This means that they can tell you what classes might help you sharpen up a particular skill or even find you relevant training to help you in a specific area. They can help you create an action plan and then follow through with it, helping you get all of the relevant coursework and extracurricular training you can get. 

Some of the tasks a career advisor may assist you with include:

  • Teaching you about the current job market and the application of your specific degree in the field
  • Helping you calculate a ballpark range of your starting and projected salaries
  • Helping you compare different internships or job opportunities to determine your best options
  • Teaching you about the application process and aiding you in creating a resume or cover letter
  • Setting you up to participate in workshops for job interview preparedness 
  • Participating in mock interviews with you so you can get real, applicable practice before you step into your potential employer’s office

Overall, your career services advisor will be your best source for anything you might need to ensure your success when you step out into the world and prepare for the job of your dreams.

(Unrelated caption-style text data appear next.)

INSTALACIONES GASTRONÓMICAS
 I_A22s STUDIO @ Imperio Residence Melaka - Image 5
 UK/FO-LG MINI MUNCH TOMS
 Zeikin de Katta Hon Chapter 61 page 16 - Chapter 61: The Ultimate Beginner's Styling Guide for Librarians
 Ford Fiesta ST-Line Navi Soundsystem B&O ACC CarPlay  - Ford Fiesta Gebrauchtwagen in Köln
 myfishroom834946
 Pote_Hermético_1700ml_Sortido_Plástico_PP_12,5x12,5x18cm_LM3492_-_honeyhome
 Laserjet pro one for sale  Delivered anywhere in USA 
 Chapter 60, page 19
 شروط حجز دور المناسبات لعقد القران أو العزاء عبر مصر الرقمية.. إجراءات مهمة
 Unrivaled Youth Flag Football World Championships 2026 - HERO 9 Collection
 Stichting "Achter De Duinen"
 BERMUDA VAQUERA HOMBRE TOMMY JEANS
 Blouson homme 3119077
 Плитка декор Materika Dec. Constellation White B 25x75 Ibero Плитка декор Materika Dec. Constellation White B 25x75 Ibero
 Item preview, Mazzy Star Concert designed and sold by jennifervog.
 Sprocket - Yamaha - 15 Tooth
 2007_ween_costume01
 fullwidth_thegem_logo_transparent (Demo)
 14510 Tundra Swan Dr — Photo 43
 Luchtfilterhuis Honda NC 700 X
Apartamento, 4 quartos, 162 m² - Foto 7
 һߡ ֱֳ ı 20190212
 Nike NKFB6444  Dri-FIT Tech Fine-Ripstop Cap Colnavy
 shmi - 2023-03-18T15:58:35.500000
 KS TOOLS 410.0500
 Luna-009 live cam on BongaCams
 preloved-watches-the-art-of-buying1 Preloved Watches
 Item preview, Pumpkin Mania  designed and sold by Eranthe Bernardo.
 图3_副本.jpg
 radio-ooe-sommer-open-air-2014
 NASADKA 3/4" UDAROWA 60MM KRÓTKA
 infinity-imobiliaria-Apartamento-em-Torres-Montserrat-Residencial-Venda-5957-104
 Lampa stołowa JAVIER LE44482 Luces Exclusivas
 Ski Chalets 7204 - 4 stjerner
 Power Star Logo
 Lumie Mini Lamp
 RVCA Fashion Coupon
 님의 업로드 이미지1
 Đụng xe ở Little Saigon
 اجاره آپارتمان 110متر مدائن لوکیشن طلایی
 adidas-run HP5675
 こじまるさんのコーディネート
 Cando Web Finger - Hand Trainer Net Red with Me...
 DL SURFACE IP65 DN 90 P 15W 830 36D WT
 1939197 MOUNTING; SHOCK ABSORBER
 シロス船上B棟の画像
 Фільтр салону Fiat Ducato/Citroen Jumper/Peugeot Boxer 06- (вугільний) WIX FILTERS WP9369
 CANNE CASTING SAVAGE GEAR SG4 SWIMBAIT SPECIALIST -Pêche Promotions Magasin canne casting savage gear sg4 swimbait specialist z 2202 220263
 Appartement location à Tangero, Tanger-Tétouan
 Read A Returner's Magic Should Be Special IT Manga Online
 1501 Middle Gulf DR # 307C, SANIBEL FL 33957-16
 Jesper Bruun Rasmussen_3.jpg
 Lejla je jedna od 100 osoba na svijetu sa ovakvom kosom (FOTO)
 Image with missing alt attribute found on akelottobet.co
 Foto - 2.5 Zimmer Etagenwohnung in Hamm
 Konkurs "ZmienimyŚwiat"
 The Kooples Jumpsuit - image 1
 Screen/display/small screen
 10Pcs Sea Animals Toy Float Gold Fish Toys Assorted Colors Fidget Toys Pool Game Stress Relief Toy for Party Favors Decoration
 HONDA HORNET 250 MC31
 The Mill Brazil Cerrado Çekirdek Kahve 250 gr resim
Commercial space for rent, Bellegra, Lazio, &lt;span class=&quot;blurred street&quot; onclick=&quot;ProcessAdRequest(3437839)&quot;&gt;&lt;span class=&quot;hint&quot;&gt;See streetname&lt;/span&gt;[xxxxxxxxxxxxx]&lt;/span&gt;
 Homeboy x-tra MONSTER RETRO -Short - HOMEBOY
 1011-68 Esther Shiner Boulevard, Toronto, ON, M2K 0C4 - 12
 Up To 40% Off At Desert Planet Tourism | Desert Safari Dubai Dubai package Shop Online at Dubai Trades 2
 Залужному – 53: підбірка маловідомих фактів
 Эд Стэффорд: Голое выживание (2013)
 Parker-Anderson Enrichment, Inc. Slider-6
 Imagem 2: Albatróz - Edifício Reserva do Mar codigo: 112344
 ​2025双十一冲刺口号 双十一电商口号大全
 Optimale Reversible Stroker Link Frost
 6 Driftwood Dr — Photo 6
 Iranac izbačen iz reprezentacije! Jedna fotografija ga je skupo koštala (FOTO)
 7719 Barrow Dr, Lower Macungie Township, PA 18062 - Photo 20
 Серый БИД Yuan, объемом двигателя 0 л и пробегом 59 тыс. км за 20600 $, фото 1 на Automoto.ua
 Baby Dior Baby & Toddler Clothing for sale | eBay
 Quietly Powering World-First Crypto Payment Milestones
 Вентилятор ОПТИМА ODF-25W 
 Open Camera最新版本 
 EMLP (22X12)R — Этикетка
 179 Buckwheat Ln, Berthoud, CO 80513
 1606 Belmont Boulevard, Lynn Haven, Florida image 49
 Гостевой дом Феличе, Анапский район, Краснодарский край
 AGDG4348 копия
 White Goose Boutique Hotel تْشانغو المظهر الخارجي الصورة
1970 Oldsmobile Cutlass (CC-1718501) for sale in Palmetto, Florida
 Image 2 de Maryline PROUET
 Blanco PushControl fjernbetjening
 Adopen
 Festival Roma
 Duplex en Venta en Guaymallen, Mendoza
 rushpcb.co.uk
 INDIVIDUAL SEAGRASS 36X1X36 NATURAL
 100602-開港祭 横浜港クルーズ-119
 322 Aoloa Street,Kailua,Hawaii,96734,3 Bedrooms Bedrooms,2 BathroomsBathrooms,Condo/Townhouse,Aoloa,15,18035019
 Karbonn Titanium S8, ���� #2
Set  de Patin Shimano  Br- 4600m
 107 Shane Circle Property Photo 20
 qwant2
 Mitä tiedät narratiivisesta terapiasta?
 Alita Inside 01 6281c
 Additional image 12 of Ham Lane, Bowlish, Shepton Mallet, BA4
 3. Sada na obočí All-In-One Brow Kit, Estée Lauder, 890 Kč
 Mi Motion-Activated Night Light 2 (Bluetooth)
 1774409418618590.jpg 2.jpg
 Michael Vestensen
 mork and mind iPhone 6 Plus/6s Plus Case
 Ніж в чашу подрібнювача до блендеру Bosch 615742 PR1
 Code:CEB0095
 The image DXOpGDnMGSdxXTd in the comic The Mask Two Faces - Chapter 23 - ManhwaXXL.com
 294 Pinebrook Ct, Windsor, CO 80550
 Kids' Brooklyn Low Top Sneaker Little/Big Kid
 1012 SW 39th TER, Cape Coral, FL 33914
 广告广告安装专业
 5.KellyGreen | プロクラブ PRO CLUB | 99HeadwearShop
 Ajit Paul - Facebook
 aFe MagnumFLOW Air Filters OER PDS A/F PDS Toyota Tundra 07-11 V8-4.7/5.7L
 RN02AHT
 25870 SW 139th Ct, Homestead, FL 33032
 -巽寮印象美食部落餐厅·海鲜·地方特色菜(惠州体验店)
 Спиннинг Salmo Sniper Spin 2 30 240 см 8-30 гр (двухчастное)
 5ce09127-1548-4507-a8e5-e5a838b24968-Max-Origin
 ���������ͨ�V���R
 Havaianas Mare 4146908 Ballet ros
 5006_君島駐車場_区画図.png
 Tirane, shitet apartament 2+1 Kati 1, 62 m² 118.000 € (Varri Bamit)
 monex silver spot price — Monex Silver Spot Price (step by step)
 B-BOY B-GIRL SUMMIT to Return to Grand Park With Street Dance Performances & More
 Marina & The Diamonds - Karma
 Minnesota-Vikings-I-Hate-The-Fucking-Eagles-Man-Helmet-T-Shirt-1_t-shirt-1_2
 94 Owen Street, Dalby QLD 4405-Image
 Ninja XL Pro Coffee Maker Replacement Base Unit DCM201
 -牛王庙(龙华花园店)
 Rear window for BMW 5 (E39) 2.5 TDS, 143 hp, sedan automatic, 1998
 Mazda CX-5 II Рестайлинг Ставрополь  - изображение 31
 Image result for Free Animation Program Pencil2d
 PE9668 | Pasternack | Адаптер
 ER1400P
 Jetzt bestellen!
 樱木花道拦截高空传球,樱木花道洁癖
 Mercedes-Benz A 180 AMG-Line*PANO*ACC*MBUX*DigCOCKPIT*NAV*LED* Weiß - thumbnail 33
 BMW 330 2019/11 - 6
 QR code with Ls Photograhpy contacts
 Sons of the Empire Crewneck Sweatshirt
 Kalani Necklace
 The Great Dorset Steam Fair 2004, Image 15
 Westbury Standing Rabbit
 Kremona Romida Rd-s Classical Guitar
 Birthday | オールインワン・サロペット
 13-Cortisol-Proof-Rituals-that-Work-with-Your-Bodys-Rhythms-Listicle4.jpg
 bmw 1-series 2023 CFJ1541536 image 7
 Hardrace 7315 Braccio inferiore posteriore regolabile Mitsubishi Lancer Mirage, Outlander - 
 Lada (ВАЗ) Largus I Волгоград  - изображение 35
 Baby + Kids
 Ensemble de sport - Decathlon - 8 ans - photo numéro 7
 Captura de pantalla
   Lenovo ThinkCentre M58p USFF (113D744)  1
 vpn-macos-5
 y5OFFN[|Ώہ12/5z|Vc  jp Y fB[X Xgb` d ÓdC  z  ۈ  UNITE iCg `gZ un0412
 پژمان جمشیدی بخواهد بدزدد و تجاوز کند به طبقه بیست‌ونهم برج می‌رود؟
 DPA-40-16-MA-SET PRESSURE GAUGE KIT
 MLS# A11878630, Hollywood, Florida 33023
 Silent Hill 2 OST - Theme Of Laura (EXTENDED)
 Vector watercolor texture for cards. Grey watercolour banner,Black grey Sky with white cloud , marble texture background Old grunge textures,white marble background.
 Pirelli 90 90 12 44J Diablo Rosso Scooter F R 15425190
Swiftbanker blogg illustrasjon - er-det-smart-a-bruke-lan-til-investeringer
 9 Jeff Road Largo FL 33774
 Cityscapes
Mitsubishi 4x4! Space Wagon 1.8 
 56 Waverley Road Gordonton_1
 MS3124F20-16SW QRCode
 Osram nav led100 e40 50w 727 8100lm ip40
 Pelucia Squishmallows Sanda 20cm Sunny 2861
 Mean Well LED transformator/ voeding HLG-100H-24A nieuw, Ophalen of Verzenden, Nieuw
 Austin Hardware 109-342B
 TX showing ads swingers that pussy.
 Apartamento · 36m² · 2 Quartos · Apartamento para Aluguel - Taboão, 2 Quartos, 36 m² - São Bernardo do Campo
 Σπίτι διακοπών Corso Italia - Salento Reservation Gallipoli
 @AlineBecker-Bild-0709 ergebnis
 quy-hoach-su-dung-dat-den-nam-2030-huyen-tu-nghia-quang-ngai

Where Do Career Services Advisors Work?

Finding or becoming one a career services advisor

Many career services advisors work in schools, including high schools, technical schools, universities, and community colleges. This is because although people can need career services advisors at many different points during their professional lives, students need them perhaps more than anyone. 

Many students, especially college students, can feel incredibly lost as they come upon their graduation dates and aren’t sure about their plans after college. Career services advisors can help set them on the right track and ensure they have a solid understanding of where their degrees can take them. 

Career services advisors in schools will often work with students in looking at the connections they might have to other alumni in their desired industry or their chances of getting a job in a specific industry compared to other students or alumni. They can also help them make sense of their possible salary after graduation. 

Career services advisors might also work in a variety of different employment settings. One of the primary responsibilities of a career services advisor is to connect with hiring managers, HR representatives, and recruiters from various companies and bring the opportunities they offer to students and recent graduates. Many of the duties of career services advisors can be completed online through tasks like helping students send emails or make cold calls to employers, getting on Zoom meetings, or connecting with company representatives through sites like LinkedIn.

What’s the Average Salary for Career Services Advisors?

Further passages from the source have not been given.